Bolt
- Bolt’s CEO said he’s ending unlimited PTO at the company.
- CEO Ryan Breslow said undefined PTO policies mean “the good ones don’t take PTO” and “the bad ones take too much.”
- Instead, Bolt employees will get four mandatory paid weeks off, the CEO said.
“It sounds progressive, but it’s totally broken.” That’s how Bolt’s CEO described unlimited paid time off while saying he had just “killed” the policy at the company.
On Tuesday, CEO Ryan Breslow said that the San Francisco-based checkout and payments technology company would instead move to a PTO policy that offered four paid weeks off.
“When time off is undefined, the good ones don’t take PTO. The bad ones take too much,” the CEO wrote in a message shared to his LinkedIn profile. “This leads to A-performer burnout. B-performer luxuries. And feelings of unfairness across the board.”
“So we’re flipping the script: no more confusion. Every Bolter now gets 4 weeks of paid vacation (yes, the traditional corporate standard), with the opportunity to accrue more with tenure. Not optional,” Breslow added. “We mandate everyone take all 4 weeks off.”
Unlimited PTO is a perk that a growing number of companies have offered over the last decade. Studies in recent years have examined the perk and its impact on the number of paid days off employees take.
A survey from HR platform Namely found that in 2022, employees with unlimited PTO policies took 12.09 days off per year, on average, compared to 11.36 days for their peers with a PTO limit. Similarly, a survey by Expedia found that, compared to the national average in the US, those with unlimited PTO took 3.5 more days off on average in 2022.
However, a 2022 report from job search site Joblist found that full-time US employees with unlimited PTO took an average of 10 days off, compared to an average of 11 paid days off work across all vacation policies.
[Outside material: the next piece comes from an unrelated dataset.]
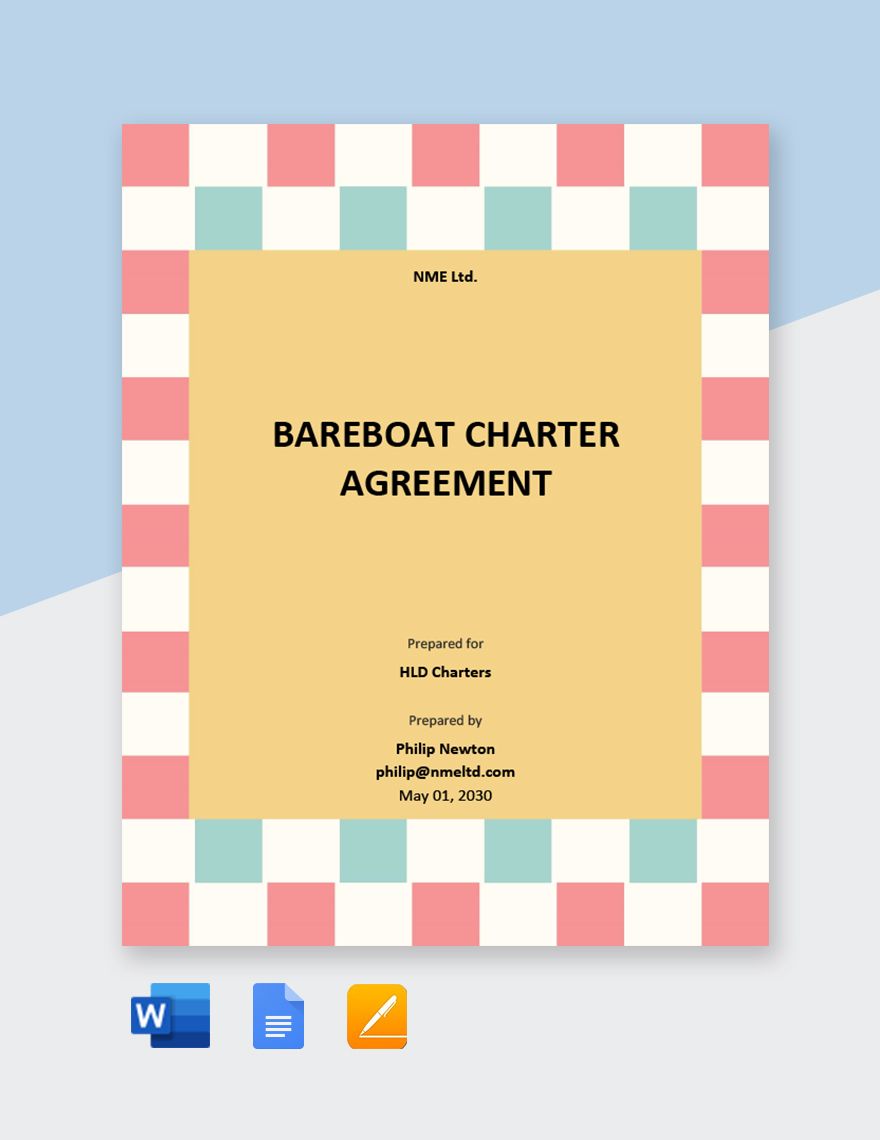 Bareboat Charter Agreement Template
A common criticism of an unlimited vacation time policy is that, without the guidance of a set number of days, employees can be unsure how much PTO to take.
“We believe a team executing at the pace and scale we do deserves real, protected time off, not vague promises,” a Bolt spokesperson told Business Insider. “When we saw in our own data that our A-players weren’t taking enough time away, we knew we had to fix it.”
Bolt, founded in 2014, has raised $957.5 million as of January 2024, according to PitchBook data. In June, the company announced a partnership with Klarna, which will see Klarna’s payment plans offered in Bolt’s checkout devices.
“If we’re asking people to move fast, build hard, and operate at the highest level, we need to protect their recovery time with the same intensity,” Breslow said. “Execution requires clarity. That applies to PTO, too.”